NVIDIA V100 (Volta) versus NVIDIA A100 (Ampere)

Systems

DGX-1: 8x NVIDIA V100 (16 GB, max. 4 GPUs used); 2x Intel Xeon E5 2698 v4; 512 GB RAM; DGX OS 4.0.7; NVIDIA Driver 410.129
DGX-A100: 8x NVIDIA A100 (40 GB, max. 4 GPUs used); 2x AMD EPYC 7742; 1 TB RAM; DGX OS 4.99.11; NVIDIA Driver 450.51
nanoFluidX Software Stack: nanoFluidX 2020.0 with single precision floating point arithmetics; CUDA 8.0 GA2 (8.0.61); Open MPI 2.1.6 (with CUDA support)

Results

Minimal Cube: Simple cube of static fluid particles in rest; Minimal case to estimate raw performance of solver core; Two sizes:

Small: ~7m fluid particles (size of relatively small production case, slightly smaller than what is recommended for four GPU's)

Big: ~57m fluid particles (size of a bigger production case); All runs cover 1,000 timesteps

Dambreak: Collapsing water column under gravity in domain (indicated by lines); Good case to evaluate performance for tricky particle distributions; Therefore indicates whether load balancing works; Two sizes:

Small: ~7m fluid particles and ~9m total (slightly smaller than what is recommended for four GPU's)

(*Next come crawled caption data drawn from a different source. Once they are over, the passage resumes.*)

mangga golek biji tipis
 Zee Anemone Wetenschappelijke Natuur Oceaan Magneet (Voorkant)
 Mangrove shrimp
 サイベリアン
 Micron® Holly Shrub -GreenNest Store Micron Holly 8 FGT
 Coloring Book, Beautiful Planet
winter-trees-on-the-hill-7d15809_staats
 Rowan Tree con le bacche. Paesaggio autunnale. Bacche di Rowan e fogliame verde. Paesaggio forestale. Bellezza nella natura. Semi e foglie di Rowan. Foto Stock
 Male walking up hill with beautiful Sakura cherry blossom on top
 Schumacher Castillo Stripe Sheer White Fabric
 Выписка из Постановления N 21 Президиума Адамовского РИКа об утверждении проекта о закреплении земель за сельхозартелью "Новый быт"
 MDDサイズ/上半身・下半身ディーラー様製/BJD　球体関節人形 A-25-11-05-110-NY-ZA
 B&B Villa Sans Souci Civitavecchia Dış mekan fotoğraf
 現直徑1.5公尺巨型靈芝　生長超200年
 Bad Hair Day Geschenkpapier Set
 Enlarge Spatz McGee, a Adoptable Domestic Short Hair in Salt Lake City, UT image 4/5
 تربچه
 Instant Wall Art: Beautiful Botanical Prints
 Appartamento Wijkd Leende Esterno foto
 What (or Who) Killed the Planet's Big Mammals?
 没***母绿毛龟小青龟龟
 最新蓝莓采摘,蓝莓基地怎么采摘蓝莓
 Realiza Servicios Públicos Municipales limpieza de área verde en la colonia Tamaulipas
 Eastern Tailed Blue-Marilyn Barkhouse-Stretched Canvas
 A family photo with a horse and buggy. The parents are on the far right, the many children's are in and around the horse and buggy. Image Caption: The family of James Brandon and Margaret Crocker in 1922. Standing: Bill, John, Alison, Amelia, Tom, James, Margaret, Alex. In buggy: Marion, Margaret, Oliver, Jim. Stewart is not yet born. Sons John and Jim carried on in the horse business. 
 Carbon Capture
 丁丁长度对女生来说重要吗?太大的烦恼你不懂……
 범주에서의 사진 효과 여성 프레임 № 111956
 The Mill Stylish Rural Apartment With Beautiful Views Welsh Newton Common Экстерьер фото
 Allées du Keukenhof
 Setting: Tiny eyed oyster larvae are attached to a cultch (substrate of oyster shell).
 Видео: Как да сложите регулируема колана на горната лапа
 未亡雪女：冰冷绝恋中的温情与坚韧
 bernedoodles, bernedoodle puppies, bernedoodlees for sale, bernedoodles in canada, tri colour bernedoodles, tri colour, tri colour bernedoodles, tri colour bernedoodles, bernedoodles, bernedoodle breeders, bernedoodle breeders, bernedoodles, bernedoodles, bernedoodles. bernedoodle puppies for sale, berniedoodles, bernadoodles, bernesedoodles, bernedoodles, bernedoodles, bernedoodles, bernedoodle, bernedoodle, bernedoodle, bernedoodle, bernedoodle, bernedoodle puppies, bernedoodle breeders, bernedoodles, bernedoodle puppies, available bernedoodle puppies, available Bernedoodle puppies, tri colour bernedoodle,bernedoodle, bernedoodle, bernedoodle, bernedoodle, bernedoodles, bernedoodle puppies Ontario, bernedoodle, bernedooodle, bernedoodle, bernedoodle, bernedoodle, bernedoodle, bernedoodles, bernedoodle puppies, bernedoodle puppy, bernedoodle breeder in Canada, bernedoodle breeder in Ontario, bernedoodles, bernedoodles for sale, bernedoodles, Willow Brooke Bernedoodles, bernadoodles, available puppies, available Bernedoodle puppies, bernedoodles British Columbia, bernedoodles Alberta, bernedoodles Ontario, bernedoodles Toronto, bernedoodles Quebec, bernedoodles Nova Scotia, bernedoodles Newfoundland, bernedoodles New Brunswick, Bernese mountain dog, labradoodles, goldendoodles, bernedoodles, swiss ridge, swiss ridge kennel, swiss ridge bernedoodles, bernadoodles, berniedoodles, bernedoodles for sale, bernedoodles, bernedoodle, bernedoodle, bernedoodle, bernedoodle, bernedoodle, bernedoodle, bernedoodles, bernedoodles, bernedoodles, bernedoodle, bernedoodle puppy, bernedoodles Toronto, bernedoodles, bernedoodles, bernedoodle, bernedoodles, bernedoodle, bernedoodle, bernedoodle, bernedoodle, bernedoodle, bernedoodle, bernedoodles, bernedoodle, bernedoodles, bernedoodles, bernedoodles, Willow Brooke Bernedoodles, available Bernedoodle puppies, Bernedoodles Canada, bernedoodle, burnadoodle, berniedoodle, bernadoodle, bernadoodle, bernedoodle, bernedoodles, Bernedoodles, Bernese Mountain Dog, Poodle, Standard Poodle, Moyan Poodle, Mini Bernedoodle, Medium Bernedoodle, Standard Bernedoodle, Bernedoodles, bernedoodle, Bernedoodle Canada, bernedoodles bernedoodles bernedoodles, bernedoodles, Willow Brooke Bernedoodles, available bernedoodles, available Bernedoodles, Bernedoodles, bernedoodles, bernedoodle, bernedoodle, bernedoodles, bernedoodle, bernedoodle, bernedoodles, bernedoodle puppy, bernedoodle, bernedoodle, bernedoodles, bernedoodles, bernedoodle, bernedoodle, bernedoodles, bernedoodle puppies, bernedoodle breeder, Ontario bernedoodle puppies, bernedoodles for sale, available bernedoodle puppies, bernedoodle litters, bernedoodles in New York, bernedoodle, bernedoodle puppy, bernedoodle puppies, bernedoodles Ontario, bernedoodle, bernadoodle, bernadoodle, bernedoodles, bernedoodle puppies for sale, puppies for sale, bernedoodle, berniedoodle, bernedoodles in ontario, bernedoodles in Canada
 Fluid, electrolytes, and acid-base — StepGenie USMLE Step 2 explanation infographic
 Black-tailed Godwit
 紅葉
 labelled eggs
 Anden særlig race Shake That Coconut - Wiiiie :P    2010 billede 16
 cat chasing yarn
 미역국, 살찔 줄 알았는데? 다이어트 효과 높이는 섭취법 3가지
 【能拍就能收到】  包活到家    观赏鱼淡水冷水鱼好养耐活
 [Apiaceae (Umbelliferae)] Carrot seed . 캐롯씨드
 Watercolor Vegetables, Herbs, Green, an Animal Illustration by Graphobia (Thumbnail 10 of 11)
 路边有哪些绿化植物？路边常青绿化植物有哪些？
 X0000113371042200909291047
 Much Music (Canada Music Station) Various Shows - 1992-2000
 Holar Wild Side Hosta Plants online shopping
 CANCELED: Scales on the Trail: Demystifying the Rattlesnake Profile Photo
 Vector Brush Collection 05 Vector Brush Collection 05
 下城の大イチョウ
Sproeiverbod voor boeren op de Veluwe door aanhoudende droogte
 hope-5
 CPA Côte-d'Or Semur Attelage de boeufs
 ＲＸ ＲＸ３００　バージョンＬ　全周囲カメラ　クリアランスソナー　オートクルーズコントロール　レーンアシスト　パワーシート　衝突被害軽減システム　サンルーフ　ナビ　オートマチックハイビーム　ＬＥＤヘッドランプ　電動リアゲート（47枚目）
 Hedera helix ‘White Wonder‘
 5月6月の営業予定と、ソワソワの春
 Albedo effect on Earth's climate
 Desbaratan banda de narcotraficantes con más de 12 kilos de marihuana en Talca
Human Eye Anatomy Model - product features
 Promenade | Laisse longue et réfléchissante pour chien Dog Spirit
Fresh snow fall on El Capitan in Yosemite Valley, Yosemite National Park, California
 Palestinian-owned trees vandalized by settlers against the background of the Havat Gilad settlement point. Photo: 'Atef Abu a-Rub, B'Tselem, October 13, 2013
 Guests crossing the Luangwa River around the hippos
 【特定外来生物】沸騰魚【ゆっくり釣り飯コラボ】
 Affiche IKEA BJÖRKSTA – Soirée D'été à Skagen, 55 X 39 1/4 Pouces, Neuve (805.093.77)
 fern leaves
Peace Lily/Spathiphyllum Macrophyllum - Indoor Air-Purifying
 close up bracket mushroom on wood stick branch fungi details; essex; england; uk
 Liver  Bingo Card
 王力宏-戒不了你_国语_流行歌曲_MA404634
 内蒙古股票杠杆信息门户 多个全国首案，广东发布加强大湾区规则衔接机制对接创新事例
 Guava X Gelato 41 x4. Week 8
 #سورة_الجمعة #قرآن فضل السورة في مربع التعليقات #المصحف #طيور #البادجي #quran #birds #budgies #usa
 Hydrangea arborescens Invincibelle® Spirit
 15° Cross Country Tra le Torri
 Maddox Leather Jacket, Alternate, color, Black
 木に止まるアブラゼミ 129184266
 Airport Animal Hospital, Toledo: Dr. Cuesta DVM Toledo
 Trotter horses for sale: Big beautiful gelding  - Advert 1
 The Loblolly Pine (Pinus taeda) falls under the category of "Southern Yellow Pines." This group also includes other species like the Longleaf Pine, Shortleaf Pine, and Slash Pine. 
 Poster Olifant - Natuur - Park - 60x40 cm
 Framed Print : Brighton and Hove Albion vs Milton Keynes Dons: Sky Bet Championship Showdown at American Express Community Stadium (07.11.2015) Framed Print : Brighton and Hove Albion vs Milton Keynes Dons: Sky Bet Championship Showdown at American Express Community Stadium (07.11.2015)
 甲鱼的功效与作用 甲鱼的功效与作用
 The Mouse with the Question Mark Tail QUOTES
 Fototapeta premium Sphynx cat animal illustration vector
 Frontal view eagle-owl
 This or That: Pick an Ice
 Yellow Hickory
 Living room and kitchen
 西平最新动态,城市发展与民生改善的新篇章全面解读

Big: ~54m fluid particles and ~64m total (size of a bigger production case); All runs cover 10000 timesteps

Altair E-Gearbox: Showcase by Altair for E-Mobility application; Size: ~6.5m fluid particles and ~12m total (slightly smaller than what is recommended for four GPU's); Run covers 10,000 timesteps

Aerospace Gearbox: Another showcase for aerospace gearbox applications; Chosen to have another slightly bigger case than previous one to fully benefit from four or more GPU's; Size: ~21m fluid particles and ~26.7m total; Run covers 10,000 timesteps

Conclusions

Theoretical performance of core is approximately 25 percent faster on A100 (based on Minimal Cube, tendency to more for very large cases). Industrial cases seem to benefit slightly more (up to 30 percent). No noticeable difference regarding scalability.

Additional Notes

Performance data in the graphs is always relative to one V100 on the DGX-1.
All cases were run with the WEIGHTED particle interaction scheme.
All solver output has been deactivated to focus on solver performance, but generally this does not change the results significantly.
Slight performance uncertainty because of CUDA version as newer versions might apply more tailored optimizations. Compilation for V100 and A100 compute capabilities is not possible in CUDA 8.0. This improvement may be on the order of a few percent, generally not significant.
Scalability between one and two GPU's is usually slightly impaired because some parts related to multi-GPU may be skipped entirely in single GPU runs.